PowerVR GPUs have a small amount of dedicated, fast local memory because they work in tiles. Either 128 or 256 bits per pixel are available, depending on the hardware. We can utilise this to avoid using main memory bandwidth in a deferred renderer. Some extensions that allow us to do this are:
The framebuffer fetch extension allows us to read back a fragments value that was written from a previous shader. This all happens while these shaders and triangles are being processed inside a tile. So these writes and reads are to local memory so are faster than using system memory. There is a good explanation of this extension here.
Pixel local storage (PLS)
The pixel local storage extension is much like the previous framebuffer fetch extension, but allows us to specify the format of the intermediate variables to store in local memory. This means less format conversions need to happen. We used the following layout in the demo:
layout(rgb10a2) highp vec4 lightAccumulationpadding; layout(r32f) highp float depth; layout(rgba8) highp vec4 normalsroughness; layout(rgba8) highp vec4 albedoOrReflectancemetallicness;
The pixel local storage 2 extension allows us to write to the back buffer instead of to an intermediate buffer. This means that we do not have to render to an intermediate render target living in system memory, then blit this to the back buffer. We could instead write directly to the back buffer. This avoids using more main memory bandwidth.
An analysis of our demo using the PVRTune tool shows that the optimised renderers (Framebuffer Fetch and PLS) execute fewer rendering tasks.
This means that the G-buffer generation, lighting and tonemapping stages are properly merged in to one task. It also shows a clear reduction in memory bandwidth usage between the on-chip and the main memory: a 53% decrease in reads and a 54% decrease in writes.
All these optimisations result in a slightly lower frame time but in much lower power consumption, as shown below.

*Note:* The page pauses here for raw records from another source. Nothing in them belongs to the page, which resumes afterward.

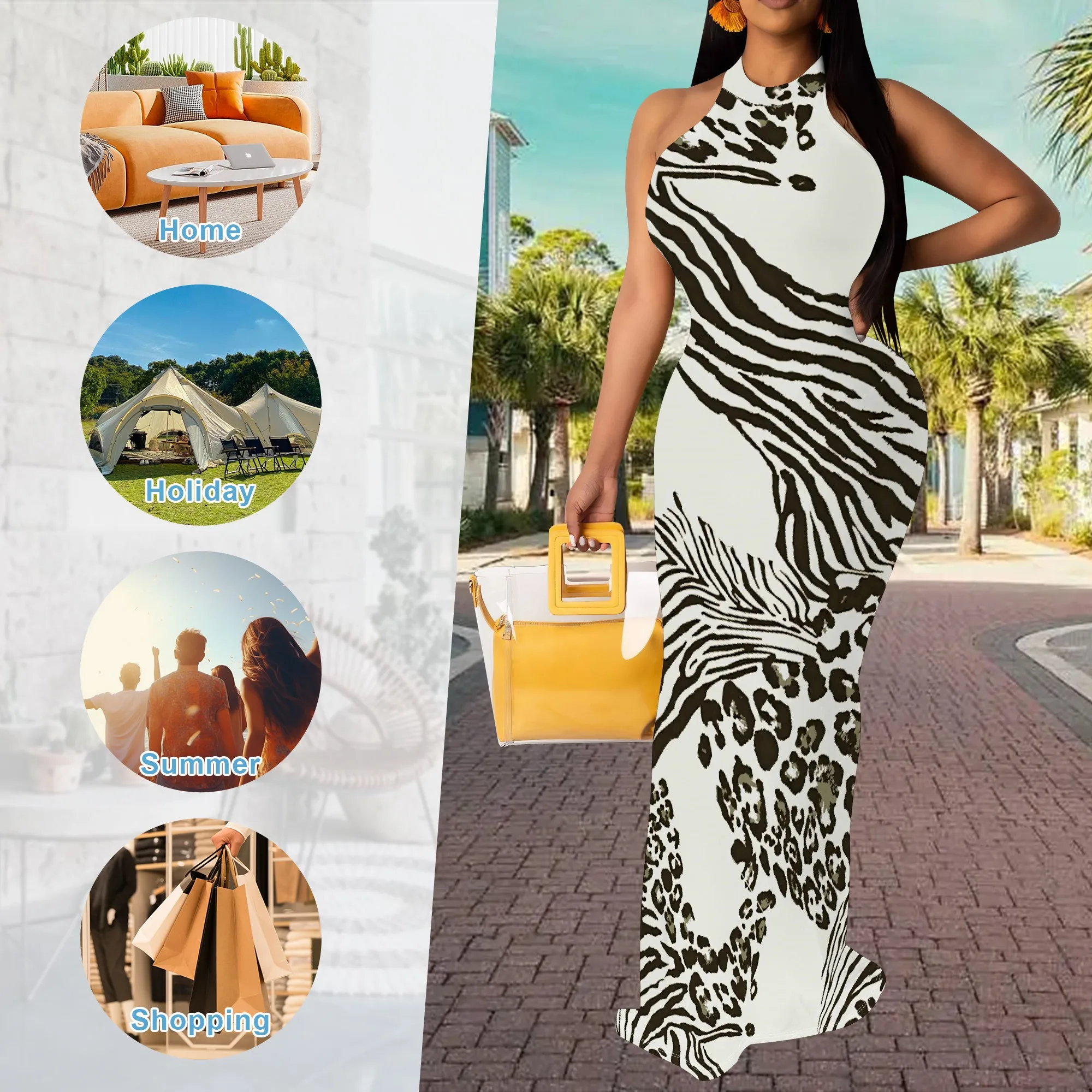 EQQZD Damen-Kleid, Marineblau, gestreift, Stehkragen, Rückenausschnitt, Polyester, Büro, Frühling, schick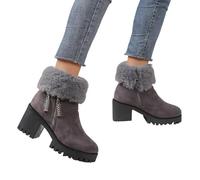 Ladies Waterproof Boots,Women's Boots for Outdoor Winter Wear | Cozy Thick Heel Short Boots with Zipper in Solid Color for Daily Casual Holiday Travel and Date Nights (Grey, 4)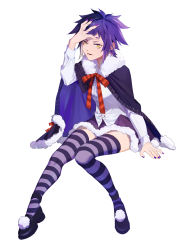 Rule 34 | 1girl, :d, black cape, black footwear, cape, d.gray-man, dress shirt, full body, fur-trimmed cape, fur-trimmed skirt, fur trim, highres, invisible chair, miniskirt, nail polish, neck ribbon, ninebirds, open mouth, purple hair, purple nails, purple skirt, red ribbon, ribbon, road kamelot, shirt, short hair, simple background, sitting, skirt, smile, solo, spiked hair, striped clothes, striped thighhighs, thigh gap, thighhighs, white background, white shirt, yellow eyes, zettai ryouiki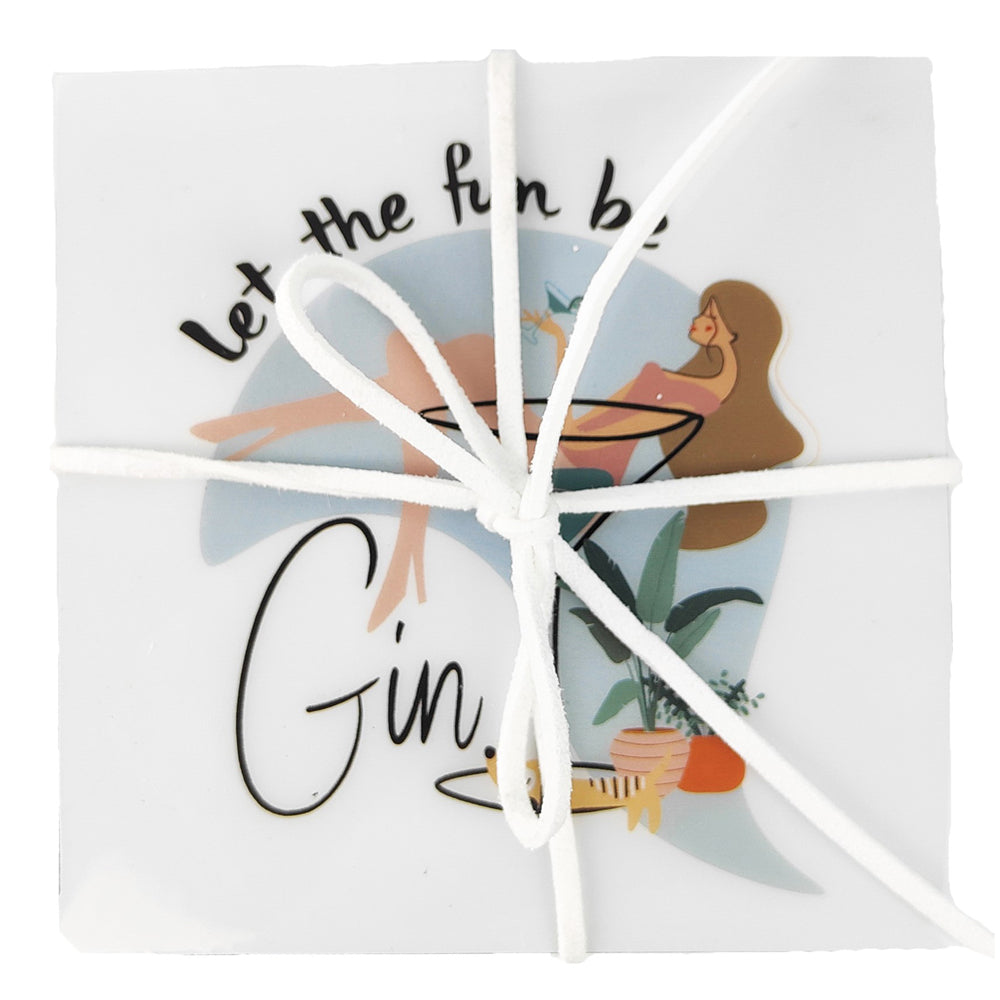 Urban Let The Fun Be Gin 10cm Coasters Mug/Cup Drink Table Protector Mat Set (4 Pieces)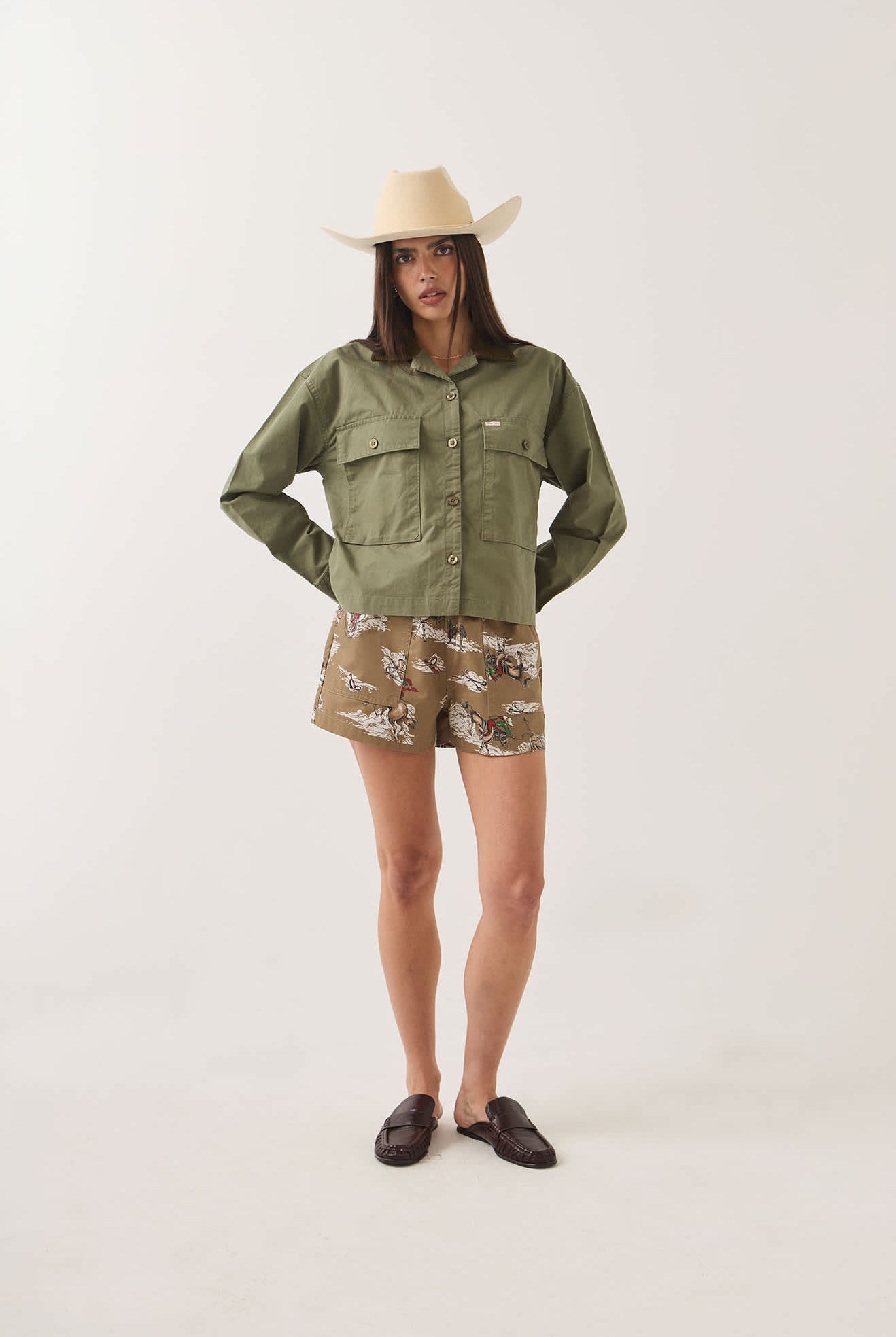Women's Utopia Overshirt in the color Washed Olive Surplus - Women's Front Fit Image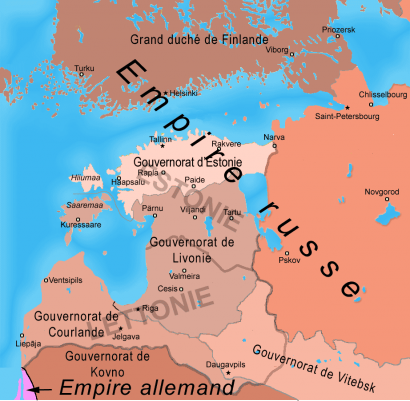 A Baltikum Bán utazása idején, a mai Észtország és Lettország határaival
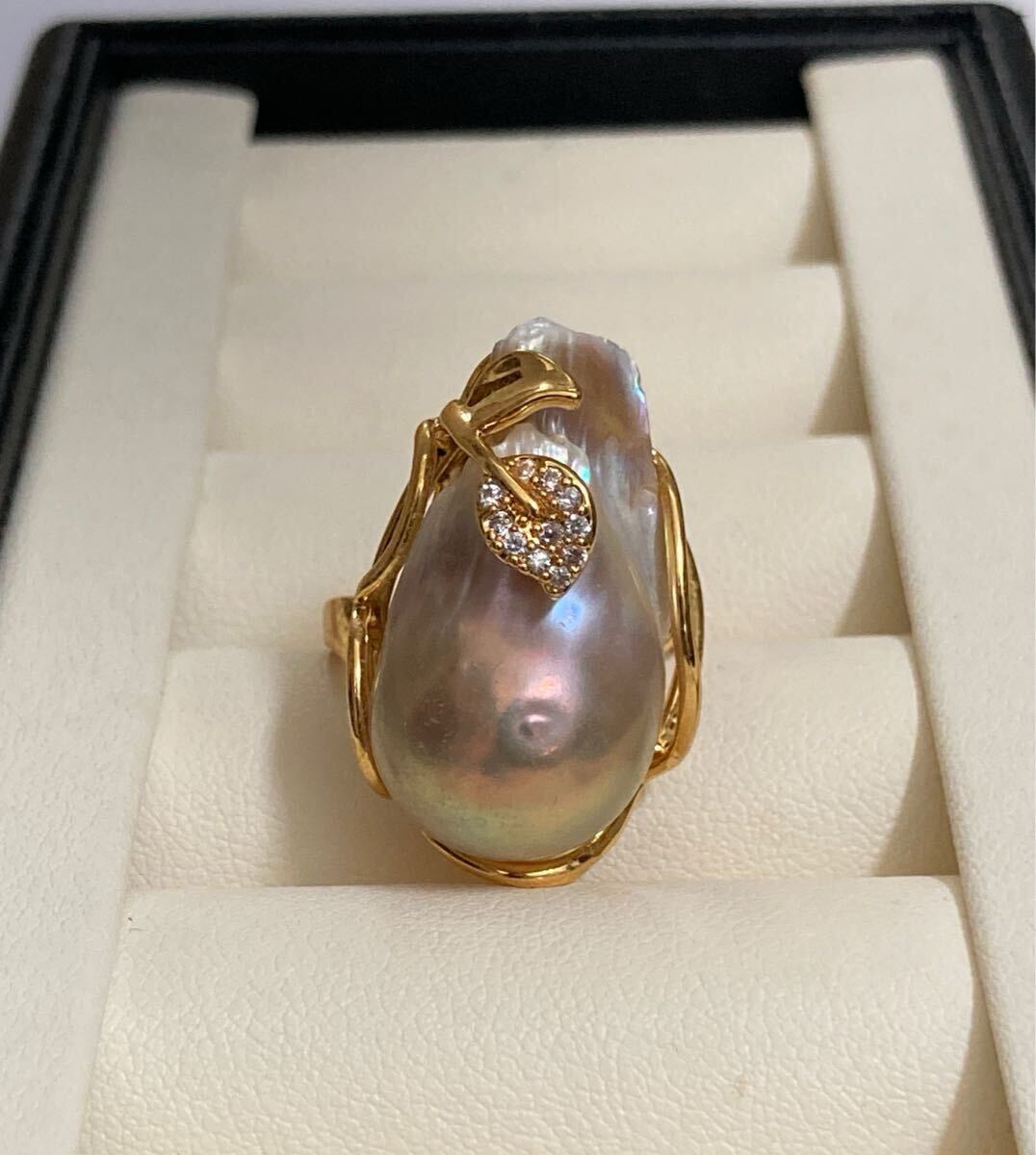 天然バロック真珠 フリーサイズ 調整可能 パールリング ゴールド ゴールドピンク 18-28mm拍卖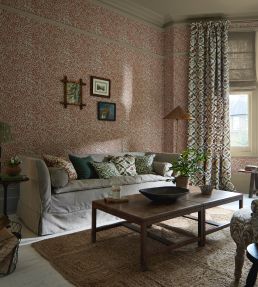 May's Coverlet Fabric by Morris & Co Indigo/Rose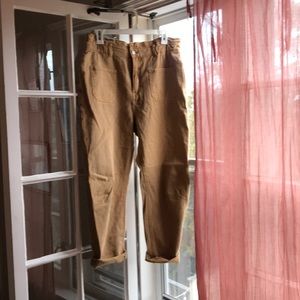 Baggy khaki paper bag jeans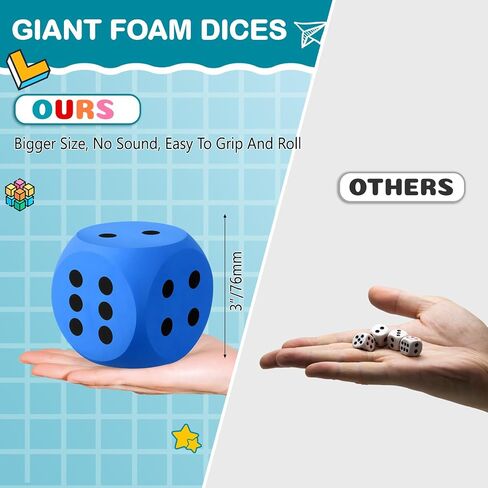 Shappy 3 بوصات الرغوة الزهر متعة ملء لعبة تعليمية كبيرة Kawaii زخرفية إيفا الرغوة Jumbo Dice Big Square Building لتلال ألعاب اللوحة جلسات التعلم (Rose Red) in Kuwait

This means longer battery life on mobile devices.
Vulkan allows us to specify the load and store operations explicitly. We have seen very good efficiency results when we ran our Gnome Horde demo using Vulkan and OpenGL ES with regards to the CPU. This means good things for mobile devices – less CPU usage means less power which means longer battery life and more features. I will be looking at combining PLS and Vulkan in a later article.
Image based lighting is an approximation. If a light needs to move in the scene then the offline render of the scene will be incorrect. Recomputing this is a costly expense. If we used ray tracing to generate these IBL probes we could have completely dynamic IBL at a fraction of the cost of recomputing them using rasterisation.
Imagine the low CPU overhead of Vulkan, issuing commands to a power efficient PowerVR GPU using raytracing to achieve fully dynamic lighting and shadows!
This is something we are looking at right now and I hope to give you more information soon.